• WHAT THE TASK ASKS:
The exact lines from the start of the material below through the line holding "2026 Honda Accord" are the answer; return those, pictures excluded.

####

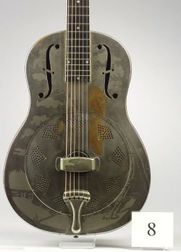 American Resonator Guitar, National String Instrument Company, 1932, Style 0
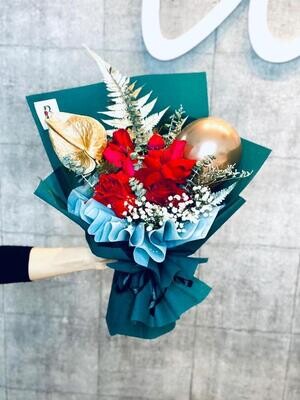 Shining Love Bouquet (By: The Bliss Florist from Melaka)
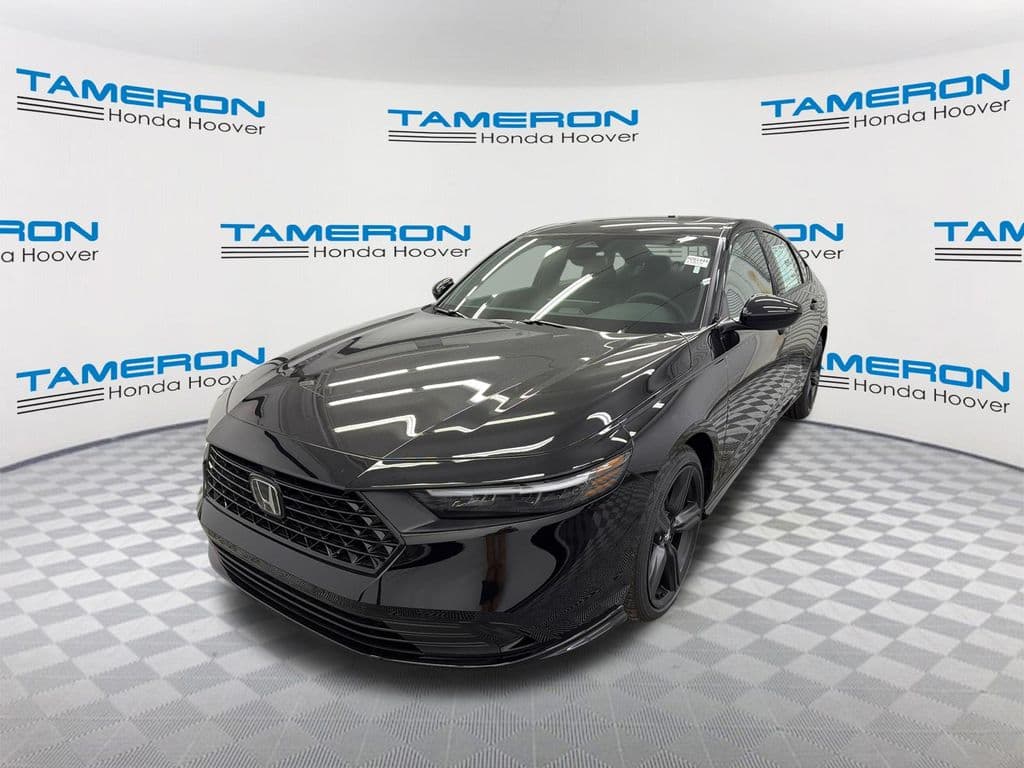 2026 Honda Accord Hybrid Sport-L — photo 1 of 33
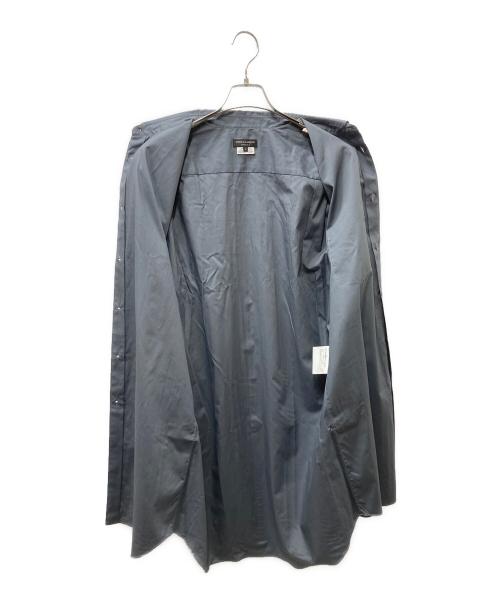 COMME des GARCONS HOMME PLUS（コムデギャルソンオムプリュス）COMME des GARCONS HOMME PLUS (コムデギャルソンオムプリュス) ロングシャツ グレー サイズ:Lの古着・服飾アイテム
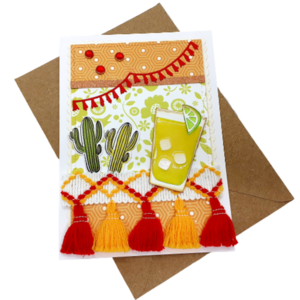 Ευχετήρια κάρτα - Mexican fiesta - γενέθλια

####

• RESULT BELOW:
 American Resonator Guitar, National String Instrument Company, 1932, Style 0
 Shining Love Bouquet (By: The Bliss Florist from Melaka)
 2026 Honda Accord Hybrid Sport-L — photo 1 of 33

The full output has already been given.